(EXCERPTED DATA)

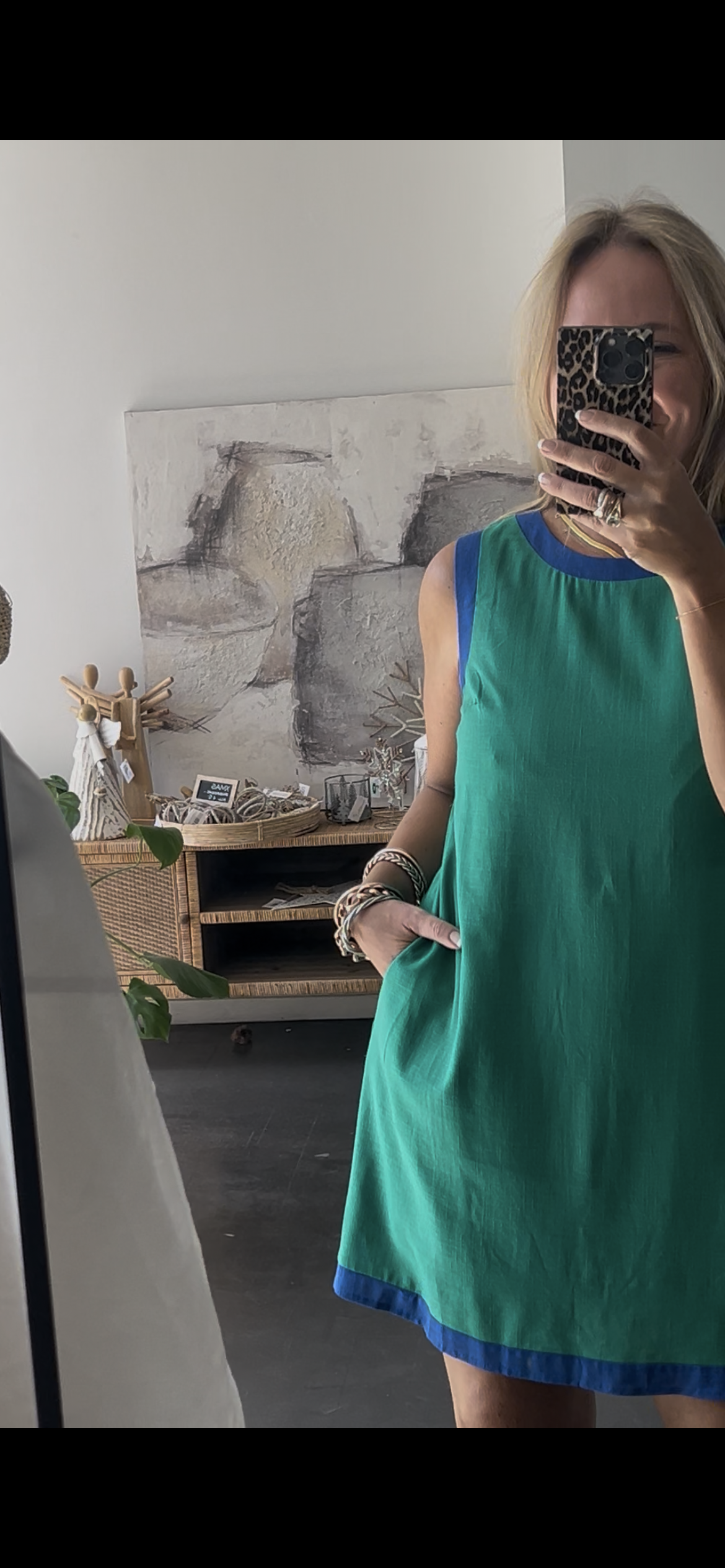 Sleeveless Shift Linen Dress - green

(End EXCERPTED DATA)
(EXCERPTED DATA)

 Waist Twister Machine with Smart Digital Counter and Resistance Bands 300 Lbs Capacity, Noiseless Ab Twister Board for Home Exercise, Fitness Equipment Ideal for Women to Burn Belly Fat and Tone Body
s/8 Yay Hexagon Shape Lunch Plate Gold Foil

(End EXCERPTED DATA)
(EXCERPTED DATA)

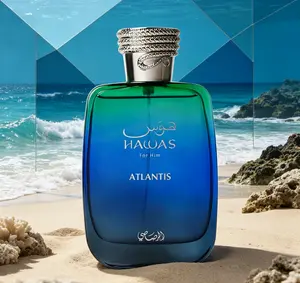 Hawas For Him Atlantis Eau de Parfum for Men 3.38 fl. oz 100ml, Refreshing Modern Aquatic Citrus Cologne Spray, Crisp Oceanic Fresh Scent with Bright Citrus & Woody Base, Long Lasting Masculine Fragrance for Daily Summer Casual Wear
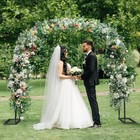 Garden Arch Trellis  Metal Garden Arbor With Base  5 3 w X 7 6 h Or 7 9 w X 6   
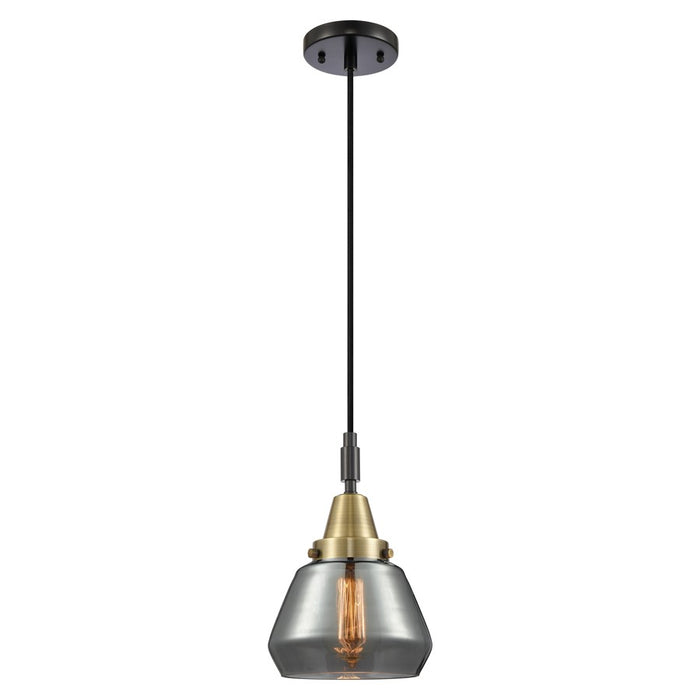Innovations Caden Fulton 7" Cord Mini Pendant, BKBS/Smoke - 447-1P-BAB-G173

(End EXCERPTED DATA)

ASSIGNED TASK:
For the data above, set down exactly the lines from the line with "Hawas For Him" to the line with "Innovations Caden Fulton", both included, leaving pictures out.

THE ANSWER:
 Hawas For Him Atlantis Eau de Parfum for Men 3.38 fl. oz 100ml, Refreshing Modern Aquatic Citrus Cologne Spray, Crisp Oceanic Fresh Scent with Bright Citrus & Woody Base, Long Lasting Masculine Fragrance for Daily Summer Casual Wear
 Garden Arch Trellis  Metal Garden Arbor With Base  5 3 w X 7 6 h Or 7 9 w X 6   
Innovations Caden Fulton 7" Cord Mini Pendant, BKBS/Smoke - 447-1P-BAB-G173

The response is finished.